Current breast cancer treatments can negatively affect cardiovascular health. Recently, the American Heart Association released its first scientific statement on cardiovascular disease and breast cancer. This statement includes a comprehensive overview of the prevalence of both diseases, shared risk factors, cardiotoxic effects of therapy and the prevention and treatment of cardiovascular disease in breast cancer patients. (5/2/18)
STUDY AT A GLANCE
This American Heart Association statement is about:
cardiovascular disease and breast cancer.
Why is this statement important?
Women with breast cancer are often treated with therapies that impact their risk of cardiovascular disease (CVD). CVD and breast cancer have several overlapping risk factors; many of these can be modified to reduce risk. The American Heart Association reviewed the prevention and treatment of cardiovascular disease in the context of breast cancer treatment.
Cardiovascular disease and breast cancer are significant causes of disease and death in the United States.
- CVD is the primary cause of death in women. Annually 1 in 3.3 women die of CVD and 1 in 31.5 die of breast cancer.
- In postmenopausal women, CVD is higher among breast cancer survivors than women without breast cancer. This is partially due to heart damage from cancer treatment.
Cardiovascular disease and breast cancer share common risk factors, including:
- physical activity
- sedentary lifestyle
- postmenopausal hormone replacement therapy (HRT)
Some breast cancer treatments can lead to early or delayed heart damage.
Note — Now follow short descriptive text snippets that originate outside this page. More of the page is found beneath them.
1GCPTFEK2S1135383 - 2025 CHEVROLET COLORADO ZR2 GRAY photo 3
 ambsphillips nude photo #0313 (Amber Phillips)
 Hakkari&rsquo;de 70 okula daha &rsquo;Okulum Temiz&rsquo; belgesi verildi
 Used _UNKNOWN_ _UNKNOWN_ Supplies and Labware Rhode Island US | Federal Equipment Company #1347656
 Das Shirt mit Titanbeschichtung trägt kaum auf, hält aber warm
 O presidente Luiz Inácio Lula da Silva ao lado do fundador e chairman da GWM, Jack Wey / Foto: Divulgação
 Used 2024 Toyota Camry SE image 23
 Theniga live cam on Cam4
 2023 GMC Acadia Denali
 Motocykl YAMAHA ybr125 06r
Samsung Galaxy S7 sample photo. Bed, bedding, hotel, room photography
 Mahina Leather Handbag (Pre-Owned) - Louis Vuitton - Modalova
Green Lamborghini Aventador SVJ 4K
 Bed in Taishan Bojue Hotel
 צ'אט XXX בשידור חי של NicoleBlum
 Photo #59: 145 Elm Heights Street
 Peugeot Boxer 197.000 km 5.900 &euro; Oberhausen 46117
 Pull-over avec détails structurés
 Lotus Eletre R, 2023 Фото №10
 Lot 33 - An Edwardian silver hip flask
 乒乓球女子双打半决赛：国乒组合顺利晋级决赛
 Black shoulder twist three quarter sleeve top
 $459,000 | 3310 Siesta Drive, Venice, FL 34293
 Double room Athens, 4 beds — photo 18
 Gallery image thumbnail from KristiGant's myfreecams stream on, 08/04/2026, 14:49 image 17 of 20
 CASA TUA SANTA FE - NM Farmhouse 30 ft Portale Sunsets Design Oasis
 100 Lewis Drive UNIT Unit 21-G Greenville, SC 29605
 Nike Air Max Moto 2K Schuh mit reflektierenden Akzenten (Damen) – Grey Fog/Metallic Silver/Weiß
Although relatively rare, severe CVD can lead to heart failure and death. Treatment-related cardiac damage, however, is not rare. The cardiac effects of the most common breast cancer therapies are described below.
- Anthracyclines (e.g., doxorubicin and epirubicin): These are agents which are commonly used in breast cancer treatment, cause heart damage at all doses; the risk of heart damage increases with higher doses.
- Endocrine therapy (e.g., tamoxifen and aromatase inhibitors): These agents decrease cancer recurrence and improve survival in patients with early-stage, hormone receptor-positive breast cancer. Tamoxifen is associated with increased risk of blood clots. Aromatase inhibitors are known to raise a patient’s cholesterol level up to 2.3 times.
- Her2 therapies (e.g., Herceptin and Perjeta): These two FDA-approved antibodies are used to inhibit Her2-positive tumors. They are associated with heart dysfunction; however, their effects are not significant and are mostly reversible.
- Radiation therapy: Radiation to the chest has a significant risk of CVD toxicity that increases mortality and limits use of radiation therapy for cancer treatment. With modern radiation therapy techniques such side effects are less common.
Given the association of cardiotoxicity with many cancer treatments, monitoring the heart function before, during and after cancer treatment is important. Yet no definitive guidelines exist for prevention of cardiotoxicity in breast cancer patients. Coordination of cardiology and oncology providers is necessary to determine appropriate treatment, particularly for patients with a history of CVD or who are at high risk of CVD during treatment.
Reducing the cardiotoxic impact of cancer therapy may include:
- Delivering doxorubicin slowly via infusion or using liposomes (e.g.,doxil)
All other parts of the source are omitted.